Dataset excerpts:
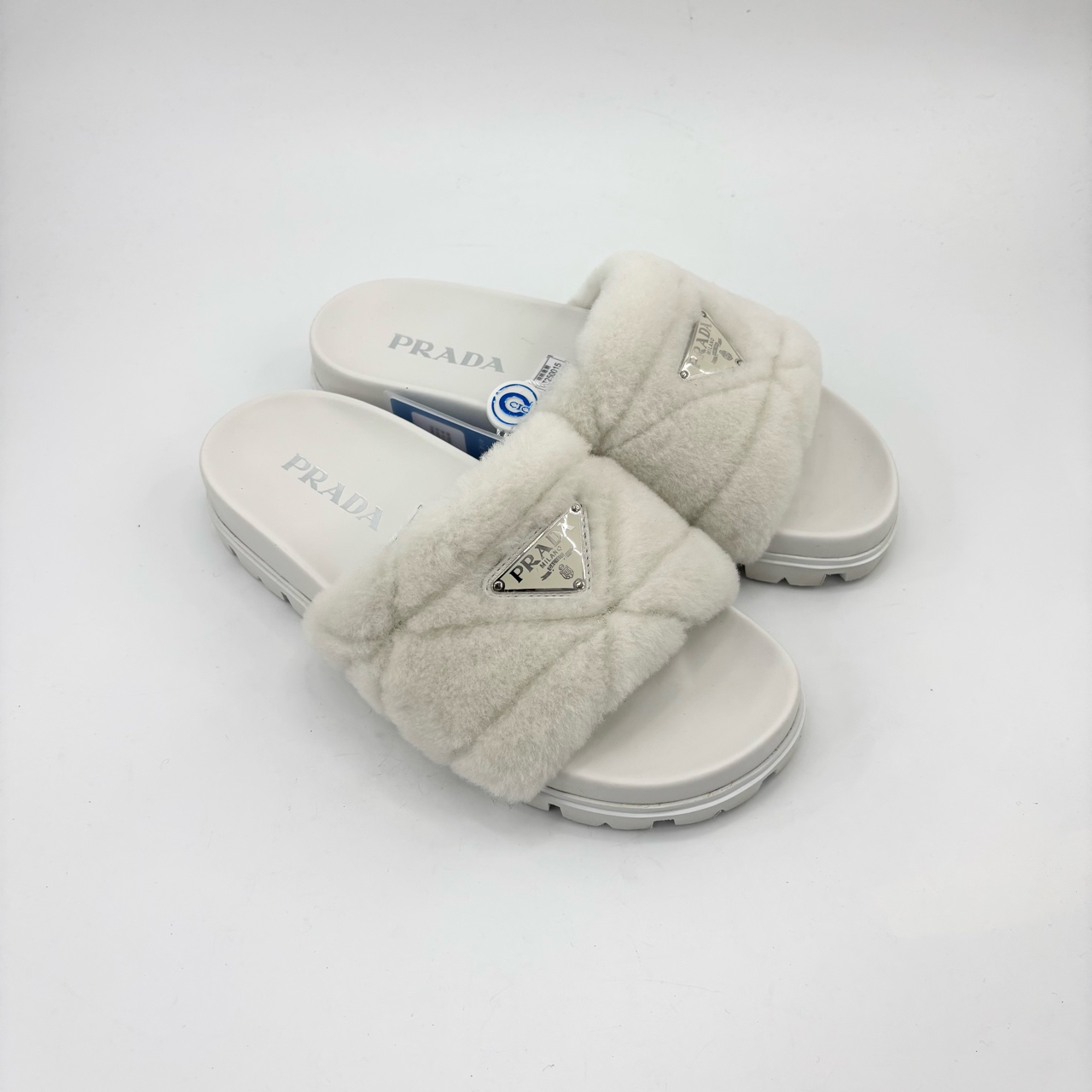 95新 Prada/普拉达 36.5码/女款白色时尚三角标毛拖/TT250015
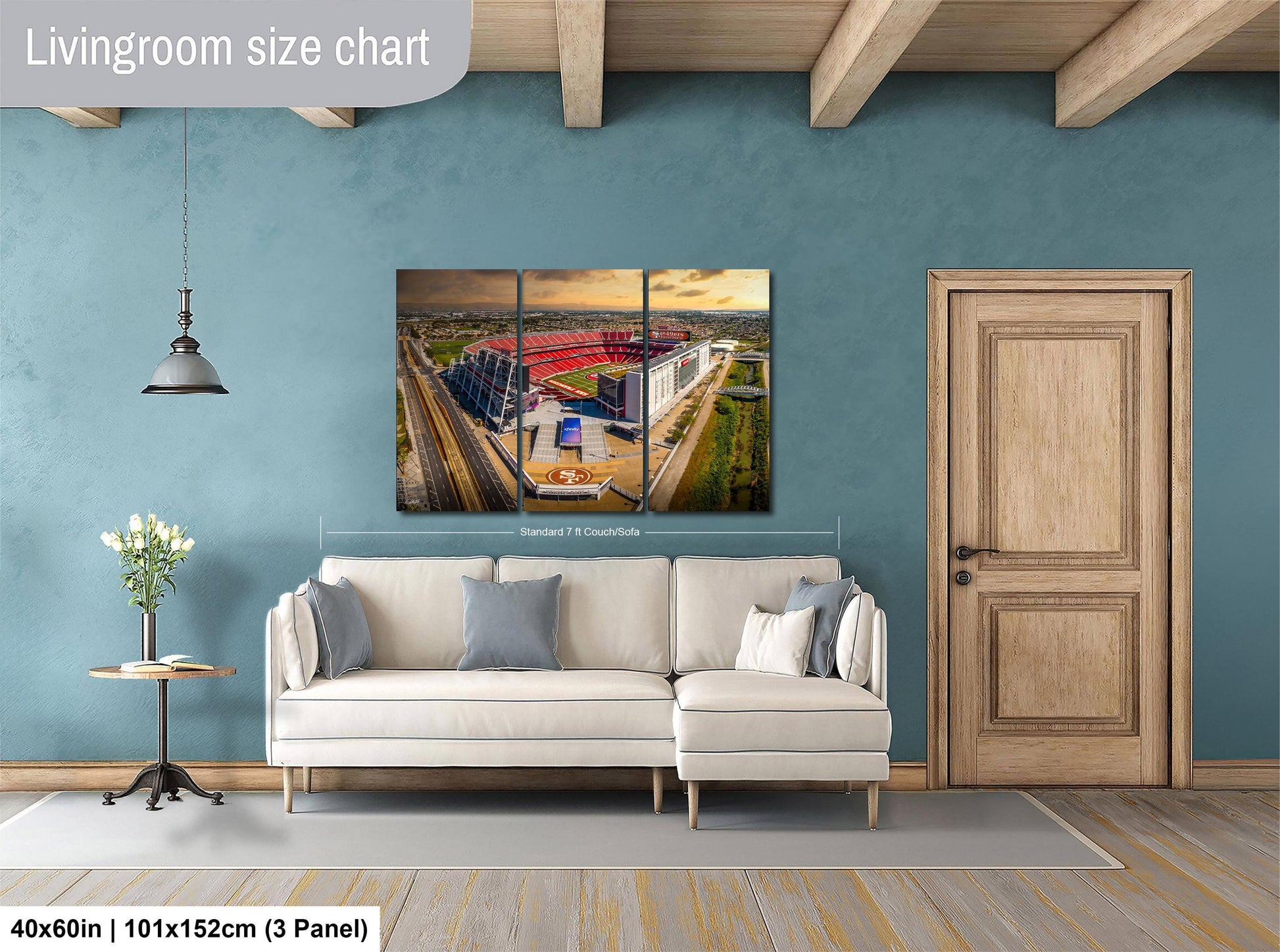 The image is a living room with a large white sofa, a wooden door, and a painting of a stadium on the wall.
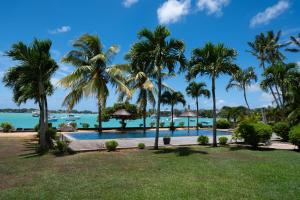 a view of the pool at the resort at 4- Bedroom Beachfront Villa in Grand Baie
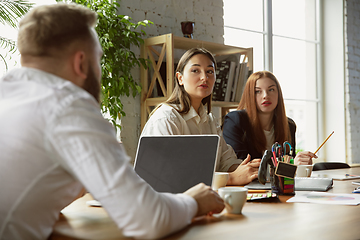 Image showing Group of young business professionals having a meeting, creative office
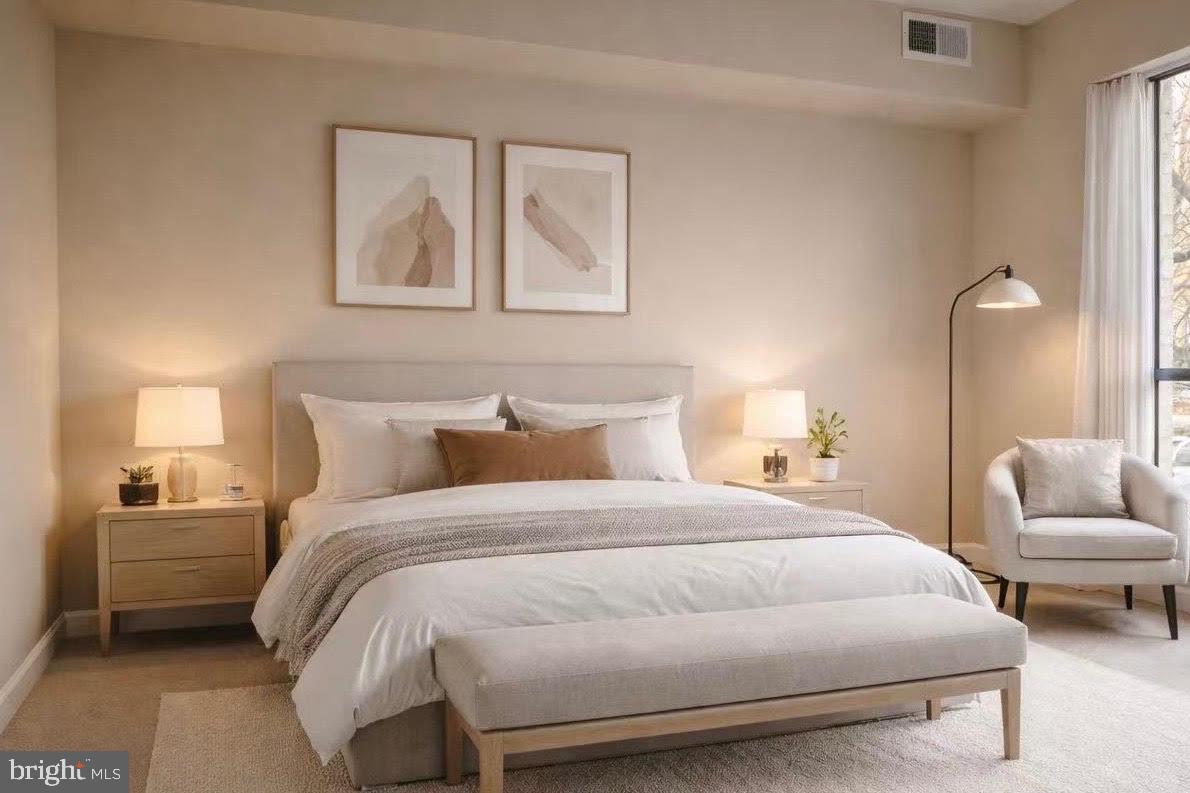 2317 Freetown Court, Unit 11C Reston, VA 20191 - Photo 14 of 21 a bedroom with a bed and a couch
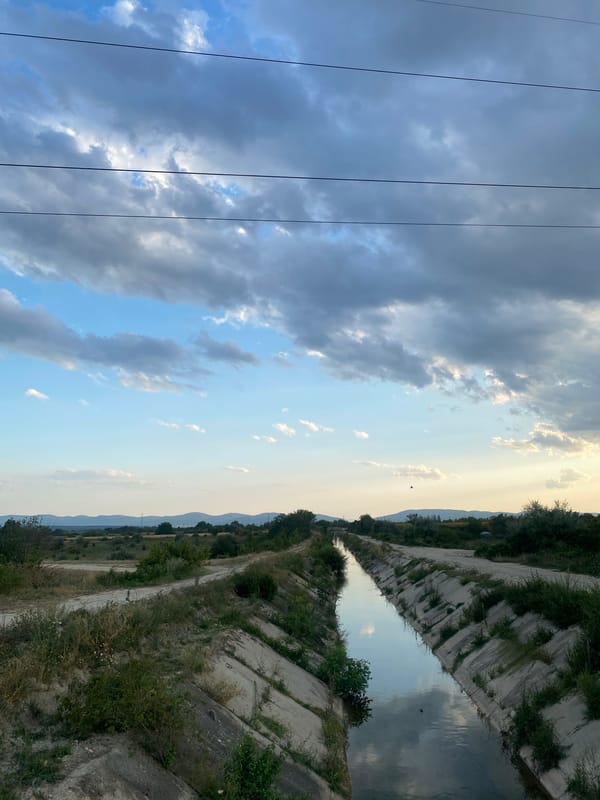 Calm irrigation canal through rural Shumen farmland at golden hour
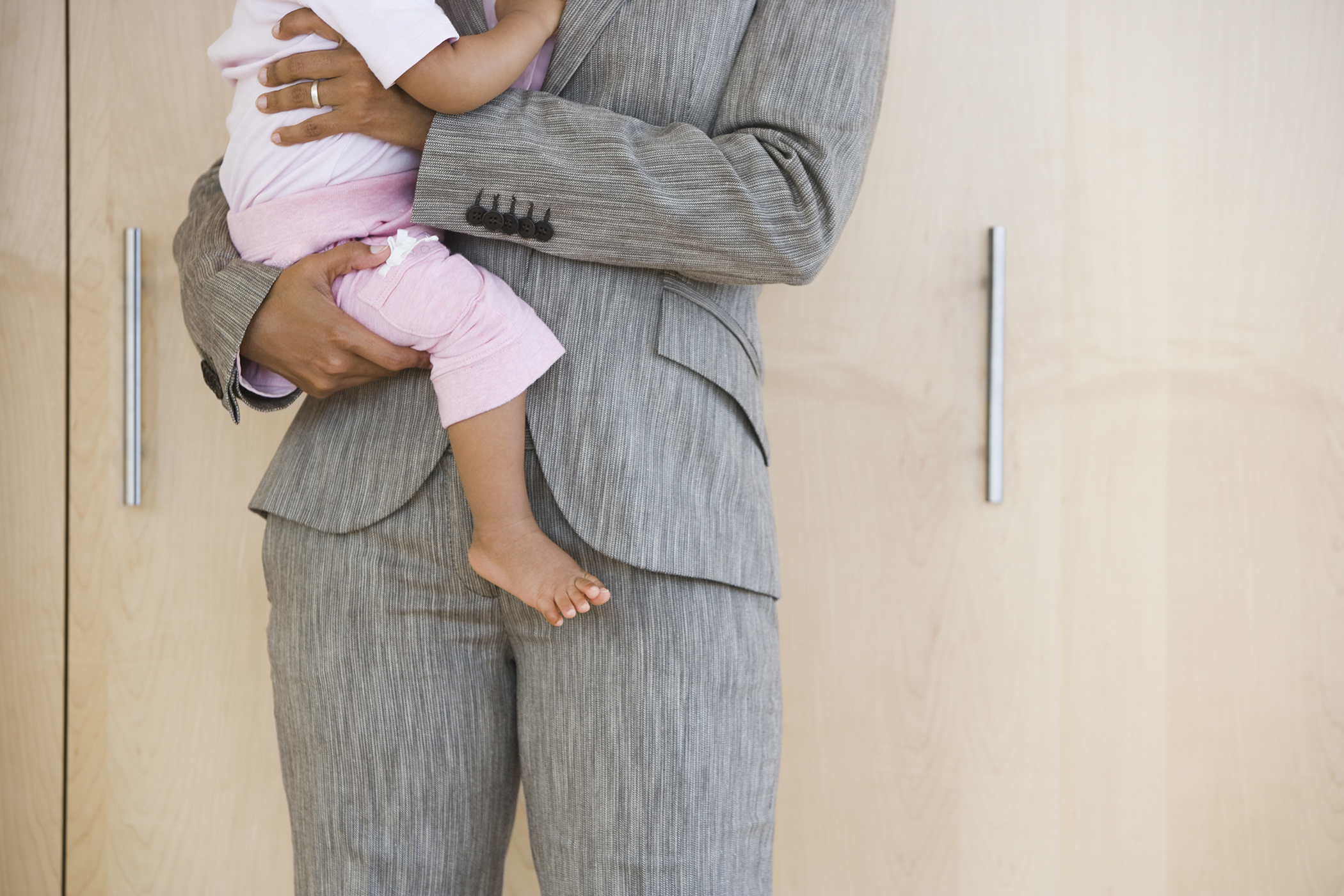 woman in business suit holding baby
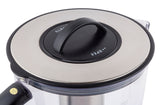 Close-up of a pitcher lid with a black handle and metallic silver top. The lid, made of stainless steel, features “OPEN” and “CLOSE” markers with arrows and is attached to a clear container with a black handle partially visible on the left.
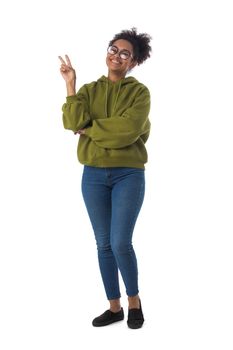 Photo portrait of cheerful mixed race woman showing v-sign gesture isolated on white background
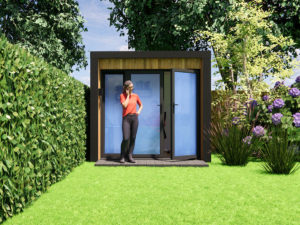 A woman in a red shirt and black pants stands in front of a modern, small garden office with glass doors. She is talking on her phone, with lush green grass, hedges, and colorful flowers surrounding the office. Tall trees rise in the background. - a room in the garden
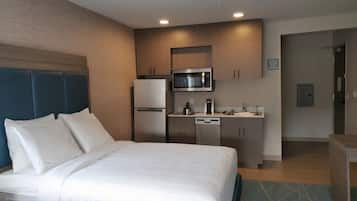 Ein Hotelzimmer mit Bett, einer Küchenzeile und einem Badezimmer.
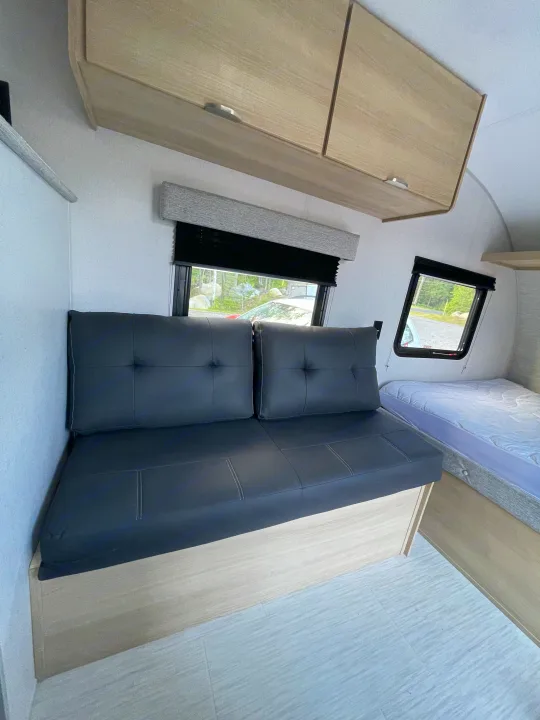 RV rental interior with a black futon sofa, light wood cabinets, and a bed. Bright and modern camper space.. Forest River Salem 2024
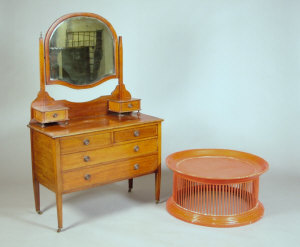 Appraisal: An Edwardian mahogany and inlaid dressing chest the bevelled oval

> [TASK INSTRUCTIONS]:
Please retype, exactly and with the pictures left out, the lines from the line containing "The image is" through the last line of the records above.

> [SOLUTION]:
 The image is a living room with a large white sofa, a wooden door, and a painting of a stadium on the wall.
 a view of the pool at the resort at 4- Bedroom Beachfront Villa in Grand Baie
 Image showing Group of young business professionals having a meeting, creative office
 2317 Freetown Court, Unit 11C Reston, VA 20191 - Photo 14 of 21 a bedroom with a bed and a couch
 Calm irrigation canal through rural Shumen farmland at golden hour
 woman in business suit holding baby
 Close-up of a pitcher lid with a black handle and metallic silver top. The lid, made of stainless steel, features “OPEN” and “CLOSE” markers with arrows and is attached to a clear container with a black handle partially visible on the left.
 Photo portrait of cheerful mixed race woman showing v-sign gesture isolated on white background
 A woman in a red shirt and black pants stands in front of a modern, small garden office with glass doors. She is talking on her phone, with lush green grass, hedges, and colorful flowers surrounding the office. Tall trees rise in the background. - a room in the garden
 Ein Hotelzimmer mit Bett, einer Küchenzeile und einem Badezimmer.
 RV rental interior with a black futon sofa, light wood cabinets, and a bed. Bright and modern camper space.. Forest River Salem 2024
 Appraisal: An Edwardian mahogany and inlaid dressing chest the bevelled oval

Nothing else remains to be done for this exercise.